### Your assignment
Write out the listing from the line with "The keyboard shortcut" to the line with "You can press", both lines included, exactly and nothing beyond. Leave pictures out.

### Records to use

--- START ---

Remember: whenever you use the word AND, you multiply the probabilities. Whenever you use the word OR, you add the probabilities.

--- END ---
--- START ---

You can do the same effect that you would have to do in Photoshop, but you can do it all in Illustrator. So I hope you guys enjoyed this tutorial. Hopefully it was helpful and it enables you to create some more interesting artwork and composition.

--- END ---
--- START ---

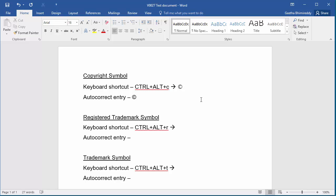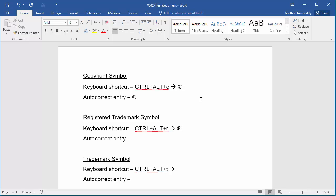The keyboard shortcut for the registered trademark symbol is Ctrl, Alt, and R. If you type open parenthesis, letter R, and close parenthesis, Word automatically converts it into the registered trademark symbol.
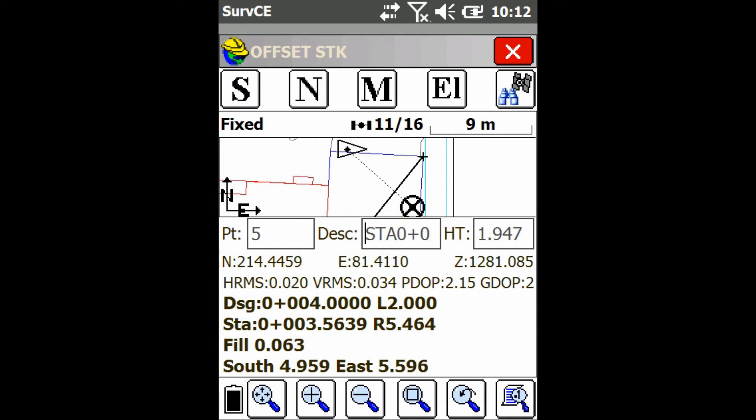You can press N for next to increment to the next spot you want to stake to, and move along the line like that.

--- END ---

### Task answer
The keyboard shortcut for the registered trademark symbol is Ctrl, Alt, and R. If you type open parenthesis, letter R, and close parenthesis, Word automatically converts it into the registered trademark symbol.
You can press N for next to increment to the next spot you want to stake to, and move along the line like that.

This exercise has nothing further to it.